A shoplifter who claimed he was left suicidal after being tasered by police has lost his case, with a High Court judge concluding that he was “squaring up for a fight”.
Paul McClelland sought damages against Chief Constable Giles York of Sussex Police after he was hit with a stun gun as officers attempted to apprehend him in a Brighton car park in July 2013.
The 42-year-old, who was pursued by police for shoplifting in a Sainsbury’s and assaulting a security guard, claimed excessive forced had been used against him when he was surrendering.
He said the incident left him feeling suicidal.
An internal police investigation rejected the allegation and concluded that McClelland was a danger to the officers and the public.
Throwing out the case at Brighton County Court, High Court judge Jonathan Simpkiss said McClelland had “considerable antipathy” towards the police and was “squaring up for a fight”.
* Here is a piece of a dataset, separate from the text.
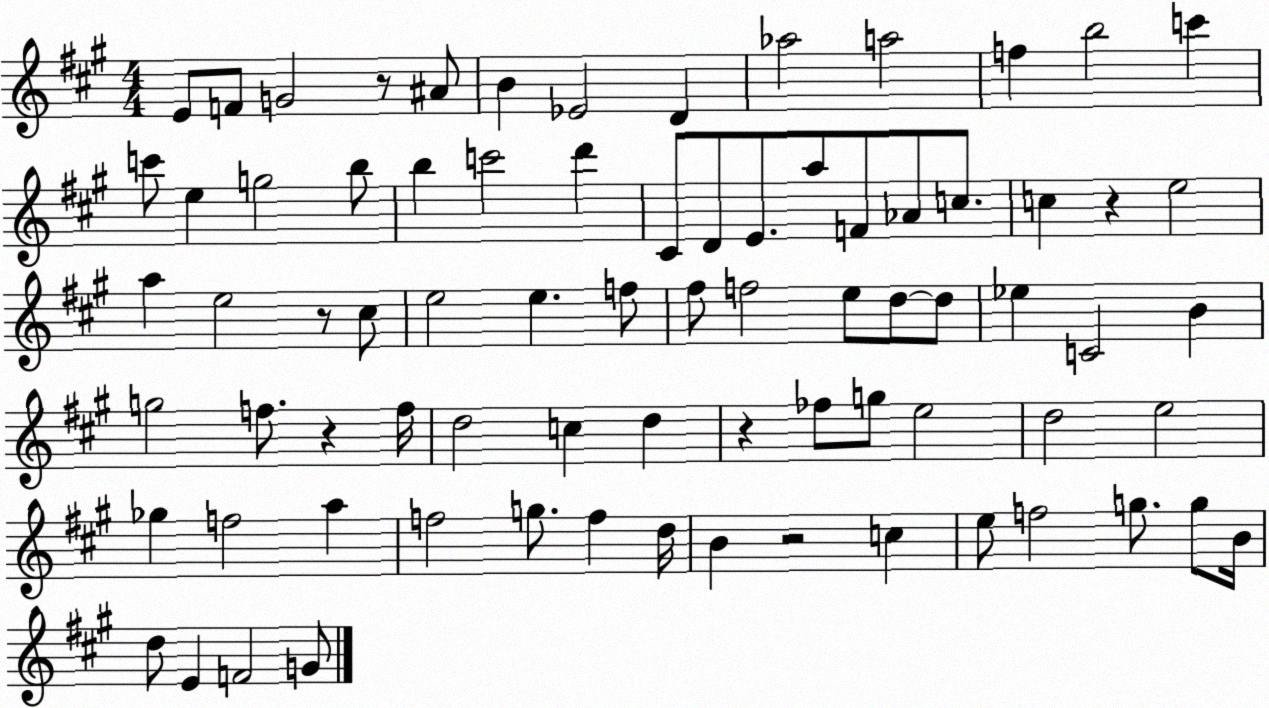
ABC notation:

He said it was “quite clear the claimant posed a threat to officers”.
McClelland’s solicitor Sophie Khan called the decision “bizarre” and “perverse” and said he was considering an appeal.
“Paul is very disappointed,” she said. “The findings don’t make any sense compared to the evidence.
“If you look at the CCTV the man has his arms in the air in a surrender pose. It’s perverse.”
In footage from a camera worn by PC Charlotte Grant, a shirtless McClelland is seen with officers in the car park.
PC Grant shouts: “Get on the floor, there is a red dot on your chest.”
“Taser, Taser, Taser,” the officer then shouts as the stun gun is used.
In the clip, McClelland can be seen falling to the ground before another officer kicks him in the leg.
PC Grant says: “There are two barbs in your back, which will be removed. There will be no lasting effects from the Taser.”
McClelland was asked how he was feeling after he was handcuffed. He was later convicted of theft, common assault and admitted obstructing a police officer, and was given a community order.
According to court papers, he admitted he was drunk during the incident and that he wanted to “fight them all” as he was confronted by officers.
Judge Simpkiss said it was “objectively reasonable” for the officers to use a Taser and that McClelland was not seriously injured.
The judge said there was no evidence to support claims about any psychological trauma.